Births and weddings, such times for joy, and then the sadness of funerals. At our Widow Friends group yesterday there was a new member. One never wants to join this group of course. Her husband drowned this year while taking a kayaking lesson. A total shock.

crafty cat corner said...

Such a poignant post.

Bonnie said...

It is good to remember those who have gone before us and led the way. The ones we remember today will be us in the future and the best we can hope for is that we will also be remembered fondly.

Bovey Belle said...

By the time I had my children the hospital stay was much shorter, and I was in 4 days with Tam, but the other two came home with me the day after they were born! Suited me fine as I hate being in hospital.

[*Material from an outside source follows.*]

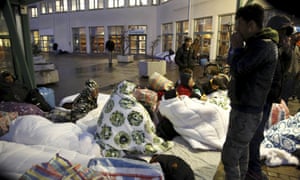 Refugees sleep outside the Swedish Migration Agency’s arrival centre in Malmo. Sweden is reported to be conisidering deporting as many as 80,000 asylum seekers.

Sad that several familiar faces/voices have passed but doubtless were there at the show in spirit, making sure it all went properly to plan.

Heather said...

Those who have passed on and were dear to us are always remembered with love and affection.
I had three great-grandchildren added to my family last year, and one of my grandsons is getting married in October.
I remember being kept in bed for several days when my older children were born at home, but when I had the last one in hospital (I was regarded as an ('aged parent' at 39!)I was allowed out of bed almost straight away.

Joanne Noragon said...

As my doctor said, "All my mothers rest a week in the hospital." How times have changed.

Cro Magnon said...

The world doesn't stop, and one simply hopes that the new bunch make as good a job of it as the old. Which they usually do!

Derek Faulkner said...

Cro summed it all up admirably - life goes on, no matter how much we look fondly back at the "good old days" - and now new people are creating what will be their "good old days."
Nice to see that you enjoyed the cricket last weekend, nothing like a good Ashes Test for enjoyment, I barely moved from the TV for four days.
Weather this weekend, here in the south at least, is due to be in high 20's and sunny, hopefully it will be similar for your show.

Librarian said...

Dear Pat, the setting up of the Wensleydale Show understandably made you remember all those who are not there anymore, and that is not a bad thing. I hope Saturday will be a great day for organisers, participants and visitors.
You asked about a recommendation for your Book Group, and as I don't know whether you go back to read my reply to your comment, here is the link to my review of "The Little Stranger" again: Click here.

Ann said...

In the sixties, my mum stayed in for 7-10 days, whereas in the nineties, I was in 3 days for my daughter and one day for my son. I was quite happy to go home, it was so hectic in there.
There were several events I went to this year that my Dad would've enjoyed and gone with me (he passed away Dec 2016) It made me sad, I shed a few tears on my return home, but I also remembered the fun of past years with him. As sad as it is, it is the circle of life, as they say.

Tom Stephenson said...

I like those sort of shows. I wish I could get to them more often.

thelma said...

A sad and poignant writing of what happens in our lifetime, but also beautiful.

Rachel Phillips said...

Farmers are good at organising things and getting things done. No squit.

Rachel Phillips said...

No squit is Norfolk dialect meaning no nonsense.